Task goal: What is needed is an exact copy of the lines in the entries below from the one holding "Then select Nicknames." through the one holding "Then you'll need", pictures excluded.

[Data shown — start]

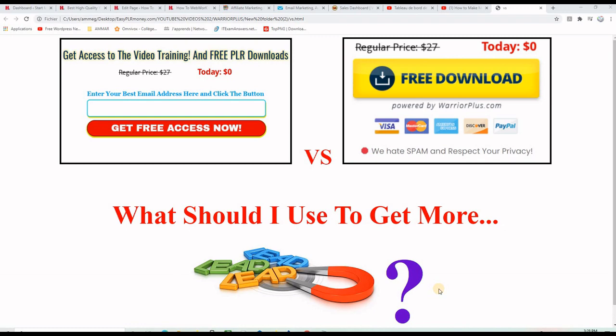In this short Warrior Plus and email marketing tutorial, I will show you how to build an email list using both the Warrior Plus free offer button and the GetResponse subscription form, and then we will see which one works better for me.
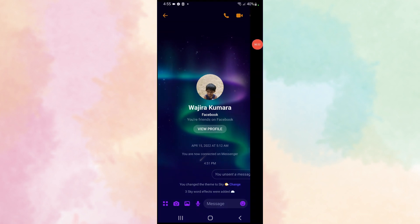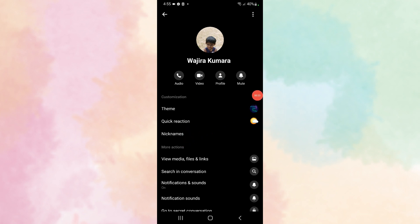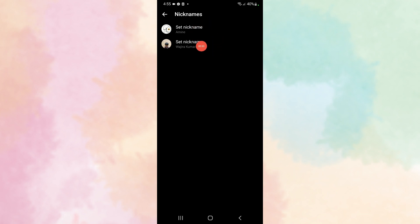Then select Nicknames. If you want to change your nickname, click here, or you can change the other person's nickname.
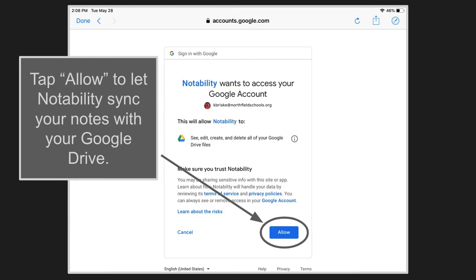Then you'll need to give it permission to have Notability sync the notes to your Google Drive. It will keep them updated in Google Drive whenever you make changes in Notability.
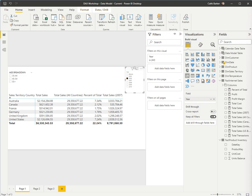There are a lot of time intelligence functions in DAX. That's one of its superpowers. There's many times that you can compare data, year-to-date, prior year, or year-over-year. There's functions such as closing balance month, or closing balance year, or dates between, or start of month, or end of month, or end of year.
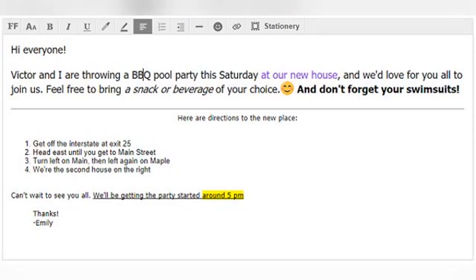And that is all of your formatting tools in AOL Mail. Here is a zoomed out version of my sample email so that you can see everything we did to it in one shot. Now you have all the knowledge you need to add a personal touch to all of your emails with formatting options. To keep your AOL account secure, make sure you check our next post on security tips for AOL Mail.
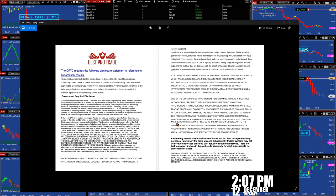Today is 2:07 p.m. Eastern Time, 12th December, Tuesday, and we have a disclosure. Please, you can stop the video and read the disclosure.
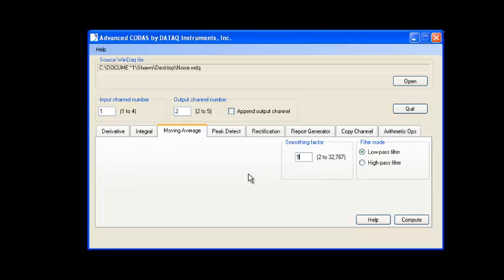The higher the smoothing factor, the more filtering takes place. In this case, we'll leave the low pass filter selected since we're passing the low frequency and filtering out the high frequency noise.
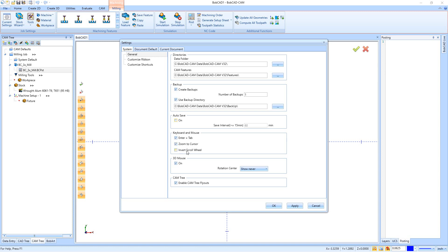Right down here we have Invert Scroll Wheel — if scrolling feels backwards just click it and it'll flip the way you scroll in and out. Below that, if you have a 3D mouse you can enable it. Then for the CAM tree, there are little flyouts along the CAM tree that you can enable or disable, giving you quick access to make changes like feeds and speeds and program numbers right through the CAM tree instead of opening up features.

[Data shown — finish]

Response box:
Then select Nicknames. If you want to change your nickname, click here, or you can change the other person's nickname.
Then you'll need to give it permission to have Notability sync the notes to your Google Drive. It will keep them updated in Google Drive whenever you make changes in Notability.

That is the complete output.